Wispy wisteria vines - the main attraction of Kameido Shrine during this period:


A dance being performed by the miko (shrine maidens) adjacent to the shrine; and the shrine itself, but I didn't enter:


The crowded Drum Bridge; and the crowded yatai (food stalls):


As with all matsuri events, there were countless yatai (food stalls) on the shrine grounds offering a variety of street food.

A yatai selling some meat-filled pancake called シャーピン ("Shapin"). I think it's Chinese origin because the vendor was Chinese, and this tasted like a Chinese meat dumpling except that it was flat. It was delicious, by the way:


Charcoal-roasted Ayu (sweetfish), simply seasoned with salt; and chestnut-flavoured soft serve ice cream:


Summer is approaching, which means that there will soon be plenty of festivals all around Japan.

Saturday 8 May 2010

Scandinavian cuisine @ Aquavit, Tokyo

When we were in New York last year for a month, I had a long list of restaurants I wanted to try. Unfortunately we didn't have enough time to visit all of the restaurants, and a certain Scandinavian restaurant was one of the ones we missed out on. Fortunately for us, there is an Aquavit restaurant right here in Tokyo, coincidentally opened in the same month that our little boy was born in. Rob and I were overdue for our monthly date, so two Sundays ago, we took the opportunity to enjoy our few hours of toddler-freedom by eating beautifully-prepared Scandinavian dishes at Aquavit.
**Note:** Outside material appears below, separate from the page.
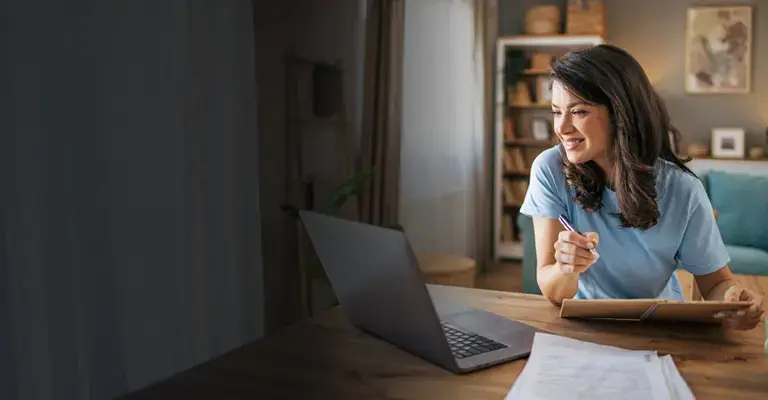 A smiling woman reviews private loan options for law school on her computer screen.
The restaurant had a lovely spacious feel, with an elegantly simple and modern decor. It was comfortable, and we were given excellent service right from the entrance. There was a nice variety of options available during lunch-time service, with mains costing between 1500yen and 1900yen and it included iced tea, bread, salad (or soup) and coffee. There was also a Lunch Set option (2500yen) where you have the choice for the appetiser and main courses, and the cake of the day and coffee are served afterwards (bread and iced tea are included). Rob and I both got the lunch set because it was pretty good value.



Rob's Pickled Herring appetiser was simple but beautifully presented with fresh vegetables. The pickled fish was nicely tart with a slight sweetness. My appetiser was Toast Skagen, a Denmark-style shrimp salad on top of thin slices of crispy toast. We both really enjoyed this open sandwich, because the shrimps were juicy and perfectly dressed in a creamy mayonnaise-based sauce, and it complemented the crispy toast base really well.

Appetisers - Pickled Herring and Toast Skagen:


For his main course, Rob chose the Poached Cod, which was served with a butter sauce and topped with Norwegian shrimps and egg. He liked it, but I thought the fish was overcooked and a bit rubbery. Everything else was great, and the simple but rich butter sauce allowed the subtle seafood flavours to shine through.

Main Course #1 - Poached Cod:


I got the Gravlax Pudding (salmon souffle) which was just gorgeous! The eggy souffle was perfectly light and fluffy, and the tomato cream sauce went well with it. I only wish there was more salmon inside the souffle.

Main #2 - Salmon Souffle and its filling:


Dessert was Lemon Cake served with an extra rich whipped cream. It was a delicious accompaniment to our cappuccinos.

Dessert - Lemon Cake:


This was our first time trying Scandinavian cuisine, and we really liked it! Of course, I don't know if this experience at Aquavit is a good representation of Scandinavian food, but that just means we have to try out more Scandinavian restaurants!